US 11,869,482 B2
Speech waveform generation
Yang Cui, Redmond, WA (US); Xi Wang, Redmond, WA (US); Lei He, Redmond, WA (US); and Kao-Ping Soong, Redmond, WA (US)
Assigned to Microsoft Technology Licensing, LLC, Redmond, WA (US)
Appl. No. 17/272,325
Filed by Microsoft Technology Licensing, LLC, Redmond, WA (US)
PCT Filed Sep. 30, 2018, PCT No. PCT/CN2018/109044
§ 371(c)(1), (2) Date Feb. 28, 2021,
PCT Pub. No. WO2020/062217, PCT Pub. Date Apr. 2, 2020.

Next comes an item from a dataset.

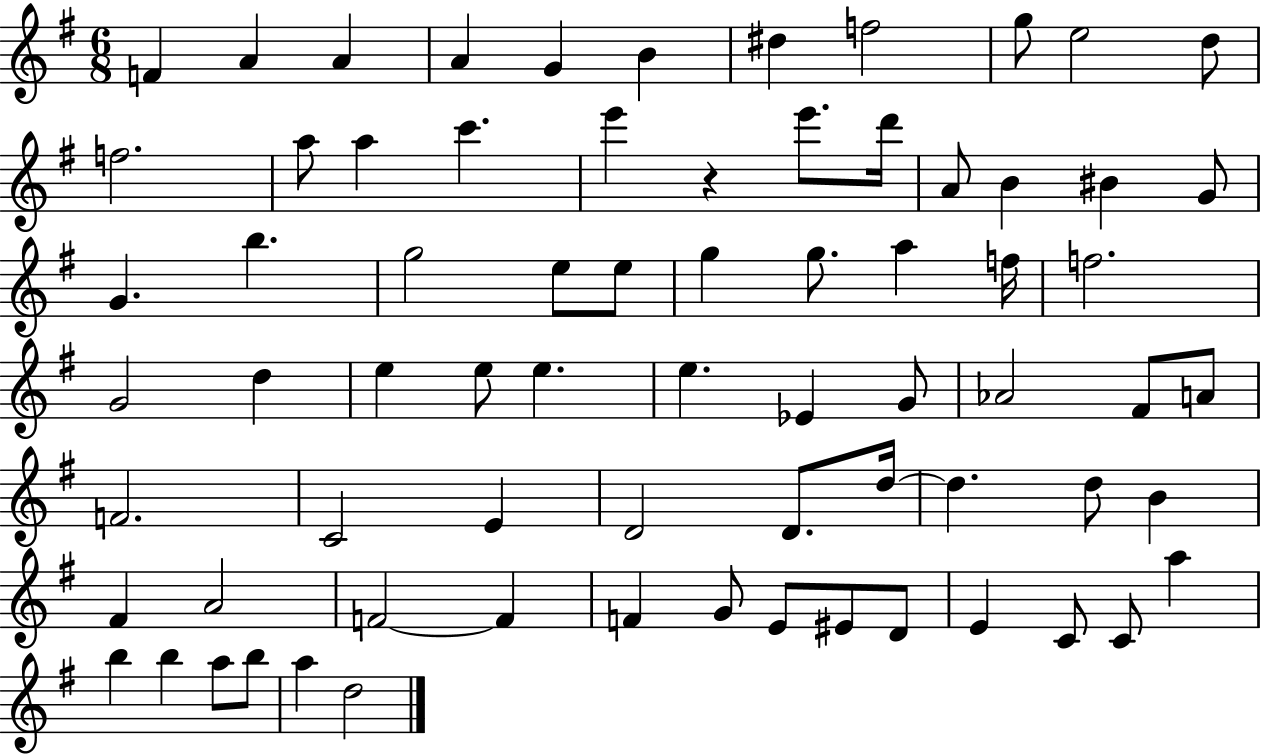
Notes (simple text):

Prior Publication US 2021/0193112 A1, Jun. 24, 2021
Int. Cl. G10L 13/047 (2013.01)
CPC G10L 13/047 (2013.01) 18 Claims
OG exemplary drawing
 
1. A method for generating a speech waveform, comprising:
receiving fundamental frequency information, glottal features and vocal tract features associated with an input, wherein the glottal features include a phase feature, a shape feature, and an energy feature, the phase feature being represented by phase vectors, the shape feature being represented by shape vectors, and the energy feature being represented by energy vectors;
generating a glottal waveform based on the fundamental frequency information and the glottal features through a first neural network model, wherein the generating the glottal waveform further comprises:
forming a phase matrix from the phase vectors;
constructing a phase-based weighting matrix by converting the phase matrix nonlinearly through a first part of the first neural network model;
generating a characteristic waveform feature based on the fundamental frequency information, the shape vectors and the energy vectors through a second part of the first neural network model; and
obtaining the glottal waveform based on the phase-based weighting matrix and the characteristic waveform feature; and
generating a speech waveform based on the glottal waveform and the vocal tract features through a second neural network model.